→ **EXERCISE OBJECTIVE**:
The required output is every line from the one containing "Ein Besuch, der" through the last line of the listing below, copied exactly, pictures excluded.

→ **SUPPLIED DATA**:
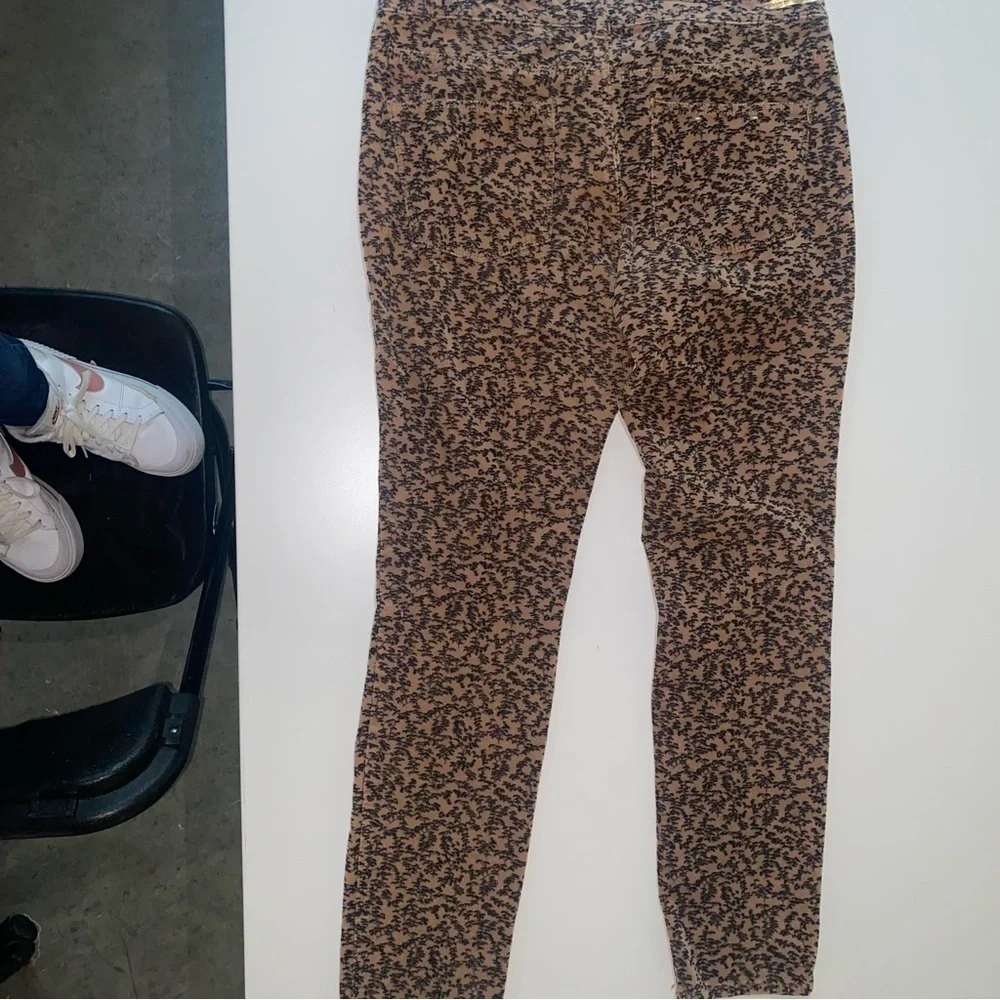 NWOT PILCRO AND THE LETTERPRESS ANTHROPOLOGIE SERIF CORDUROY PANTS POPULAR BRAND - Picture 8 of 9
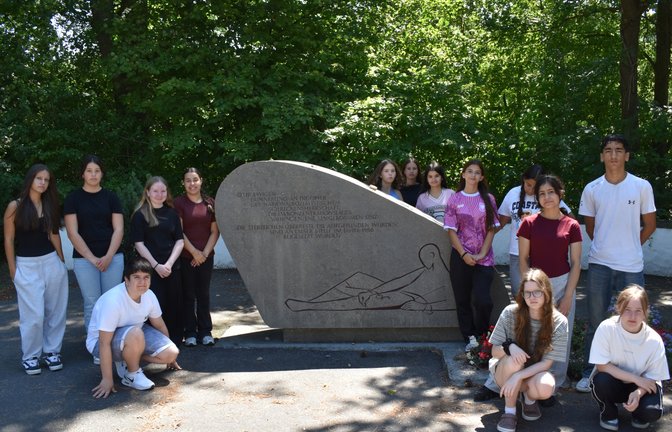 Ein Besuch, der zum Nachdenken anregt: die Schülerinnen und Schüler der Klasse 7c der Ferdinand-Steinbeis-Realschule auf dem Vaihinger KZ-Friedhof.  <span class='image-autor'>Foto: p</span>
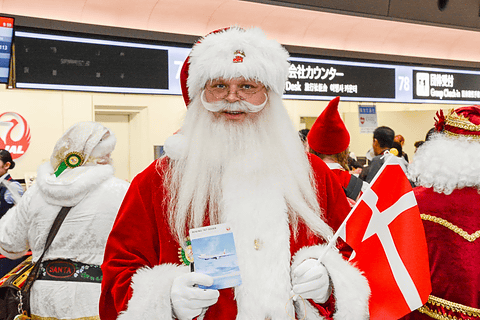 羽田空港に一足早いクリスマス Jalとサンタクロースがコラボイベント Jal便に乗って天草の世界サンタクロース会議へ トラベル Watch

→ **OUTPUT**:
 Ein Besuch, der zum Nachdenken anregt: die Schülerinnen und Schüler der Klasse 7c der Ferdinand-Steinbeis-Realschule auf dem Vaihinger KZ-Friedhof.  <span class='image-autor'>Foto: p</span>
 羽田空港に一足早いクリスマス Jalとサンタクロースがコラボイベント Jal便に乗って天草の世界サンタクロース会議へ トラベル Watch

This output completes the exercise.